For the first time ever, Japan’s government debt exceeded a quadrillion yen in late June, hitting the record ¥1,008 trillion ($10.46 trillion), as Bloomberg informs. As compared to the previous month, the debt has grown by 1.7%.
The size of Japan’s indebtedness surpassed the GDP volume of Germany, France, and the UK all put together. Its ratio to Japan’s GDP is almost 2:1.
The budget shortfall in the country is expected to reach 10.3% of the GDP, whilst it used to be 9.9% in the past. Despite the large-scale program of leveling budget incomes and expenses, the budget gap is likely to come up to 2% of the GDP as a minimum, as the official government forecast states.
In January 2013, Japan’s Prime Minister Shinzo Abe announced the economic stimulus plan estimated at ¥10 trillion. The means are mainly being allocated on upgrading the infrastructure and supporting private investments. The program triggered further debt swelling.

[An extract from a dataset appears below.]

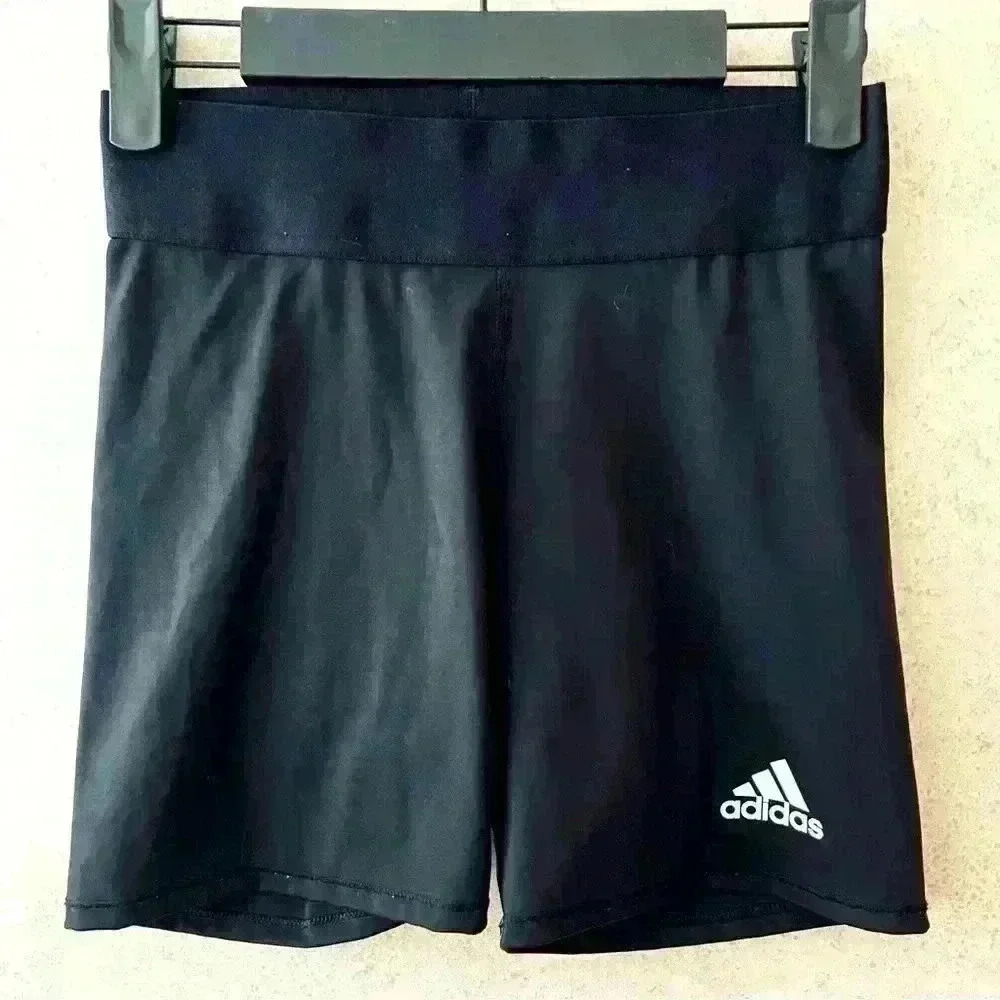 ADIDAS TECHFIT WOMENS BLACK COMPRESSION ATHLETIC SHORTS SIZE S‎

In the nearest time, Japan is going to raise the sales tax from the current 5% to 8% with the view of the budget replenishment. The final decision is to be adopted after the statistics agency submits revised GDP data for the second quarter 2013 that is scheduled on September 9.
Japan has been going through the economic sluggishness for over 20 years. In late 2000, the state of affairs changed for the worse due to the global financial crisis. Meanwhile, government’s social expenditures in 2010 by contrast with 1990 surged from ¥47 trillion to ¥103 trillion.
It is also worth mentioning that the most part (90%) of Japan’s debt is expressed in terms of yen, it belongs to domestic investors. Japan possesses the second largest gold and forex reserves in the world that is higher than 1 trillion U.S. dollars.